Olympic flame is lit at birthplace of ancient games
The flame for the 2024 Paris Olympics was lit on Tuesday at the site of the ancient games in Ancient Olympia, southern Greece.
Despite the gloomy weather which prevented the traditional lighting- which involves an ancient Greek priestess using the sun to ignite the torch after offering a prayer to Apollo, the ancient Greek sun god - actress Mary Mina, used a back up flame to kickstart the epic torch relay.
Normally, the group of priestesses would use a parabolic mirror to light the torch using the sun's rays, but because of the cloudy skies, they had to use a back up flame that was kept in a copy of an ancient Greek pot and lit on the same spot during their final rehearsals on Monday.
International Olympic Committee President Thomas Bach said the flame lighting combined "a pilgrimage to our past in ancient Olympia, and an act of faith in our future."
A relay of torchbearers will carry the flame along a 5,000-kilometre route through Greece, including several islands, until the handover to Paris Games organisers in Athens on April 26.
"In these difficult times ... with wars and conflicts on the rise, people are fed up with all the hate, the aggression and negative news," Bach said.
"We are longing for something which brings us together; something that is unifying; something that gives us hope."

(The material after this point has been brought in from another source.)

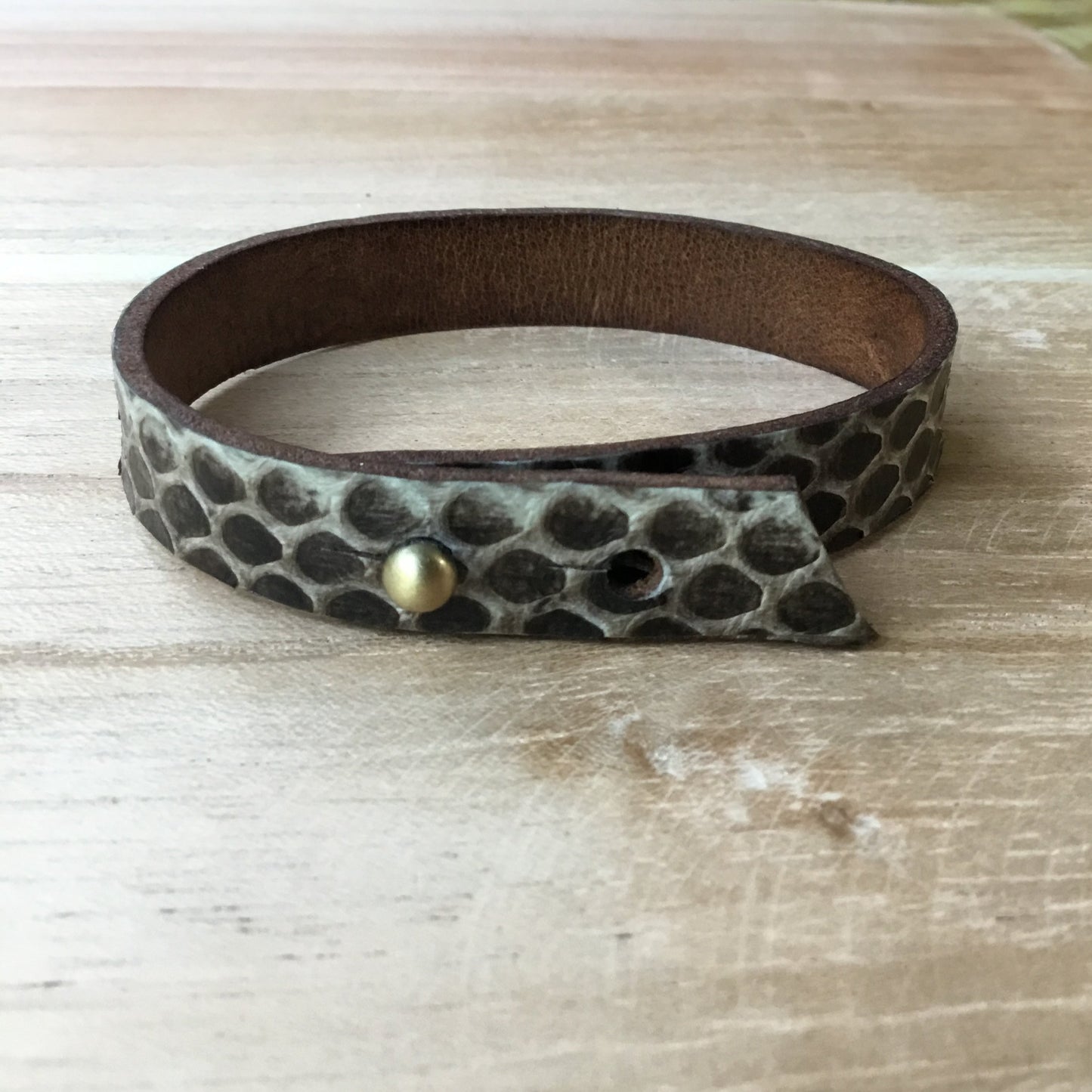 Sexy Leather Bracelet.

Thousands of spectators from all over the world packed Olympia for the event, amid the ruins of temples and sports grounds where the ancient games were held from 776 BC - 393 AD.

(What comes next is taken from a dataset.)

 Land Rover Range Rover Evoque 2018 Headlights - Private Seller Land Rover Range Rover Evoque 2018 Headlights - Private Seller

The first torchbearer was Greek rower Stefanos Douskos, who was a gold medalist in 2021, followed by Laure Manaudou, a French swimmer who won three medals at Athens in 2004.

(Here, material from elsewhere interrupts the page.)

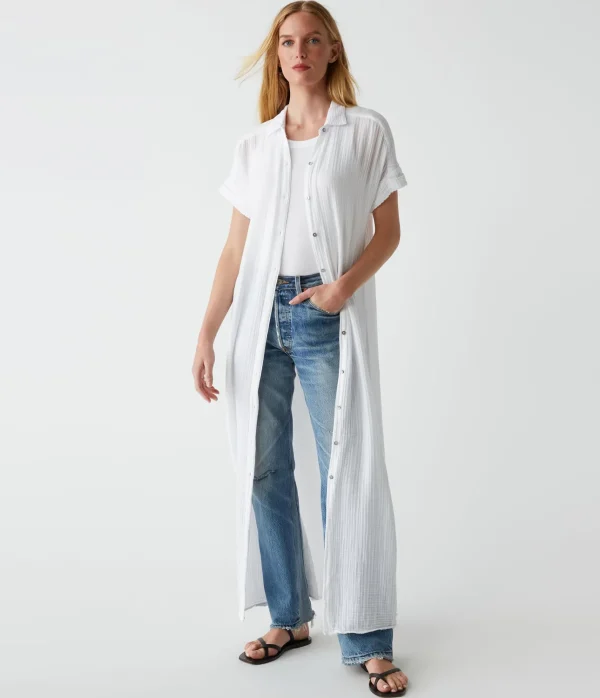 Michael Stars Allen Gauze Shirt Dress- Dresses | Maxi Dresses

Manaudou then handed it over to a Greek senior European Union official, Margaritis Schinas.
From Greece, the Olympic flame will travel from Athens' port of Piraeus on the Belem, a French three-masted sailing ship built in 1896 - the year that the first modern games began in Athens.
On May 8, it's due in the southern French port of Marseille, a city founded by Greek colonists around 2600 years ago.